The Human Rights Campaign Foundation studied how LGBTQ+ identity surfaces and unfolds in the workplace, how environment can affect the retention and productivity of all employees and how organizations can identify and address opportunities to improve climate.
Anecdotal evidence supports that LGBTQ+ inclusion efforts improve recruitment, development and retention tools; however, little empirical data exists to support this. Evaluating the success of policies and practices that promote inclusion is difficult because most employers do not have a sense of how many LGBTQ+ employees they have or where in their businesses LGBTQ+ employees actually work. Having business metrics of LGBTQ+ employees to quantitatively evaluate these programs is critical to a viable, fully inclusive diversity program.
Some employers use LGBTQ+ employee group membership numbers to generate estimates, but this method is limited by the scope of such self-selected groups over a highly dispersed work force. More recently, employers have gathered statistics through anonymous employee engagement or satisfaction surveys and confidential and secure employee records.

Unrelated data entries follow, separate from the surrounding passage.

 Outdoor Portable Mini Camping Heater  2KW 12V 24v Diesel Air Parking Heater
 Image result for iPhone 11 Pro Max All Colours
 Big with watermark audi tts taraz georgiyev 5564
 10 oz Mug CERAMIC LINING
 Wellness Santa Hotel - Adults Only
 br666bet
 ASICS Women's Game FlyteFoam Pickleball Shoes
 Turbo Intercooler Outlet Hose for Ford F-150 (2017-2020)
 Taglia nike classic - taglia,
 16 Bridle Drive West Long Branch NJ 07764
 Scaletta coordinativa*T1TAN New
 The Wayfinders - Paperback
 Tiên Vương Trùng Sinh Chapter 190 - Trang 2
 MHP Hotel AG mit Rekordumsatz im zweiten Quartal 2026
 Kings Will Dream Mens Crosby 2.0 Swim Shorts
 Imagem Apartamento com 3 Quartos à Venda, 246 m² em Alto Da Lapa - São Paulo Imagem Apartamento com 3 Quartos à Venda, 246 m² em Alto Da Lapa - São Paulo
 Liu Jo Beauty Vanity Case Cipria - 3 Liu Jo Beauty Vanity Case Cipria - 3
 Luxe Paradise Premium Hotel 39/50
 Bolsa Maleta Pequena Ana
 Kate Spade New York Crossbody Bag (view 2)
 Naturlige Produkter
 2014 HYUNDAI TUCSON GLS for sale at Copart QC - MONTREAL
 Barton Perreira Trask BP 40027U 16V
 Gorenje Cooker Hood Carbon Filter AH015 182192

In both cases, whether employees disclose their gender identity or sexual orientation is optional and voluntary and any reporting or direct access to the data is designed to ensure confidentiality of employee information.
The findings were striking: a majority 51% of LGBTQ+ workers continue to hide their identity from most or all co-workers, and younger workers are even more likely to hide — only 5% of LGBTQ+ employees ages 18 to 24 say they are totally open at work, compared to more than 20% of older workers.
Employers need to proactively communicate the purpose for the questions and the confidentiality of survey answers to address these concerns and maximize the response rate among LGBTQ+ employees over time — particularly since those who may experience the most negative outcomes at work (those who are completely closeted) are most likely not to self-disclose.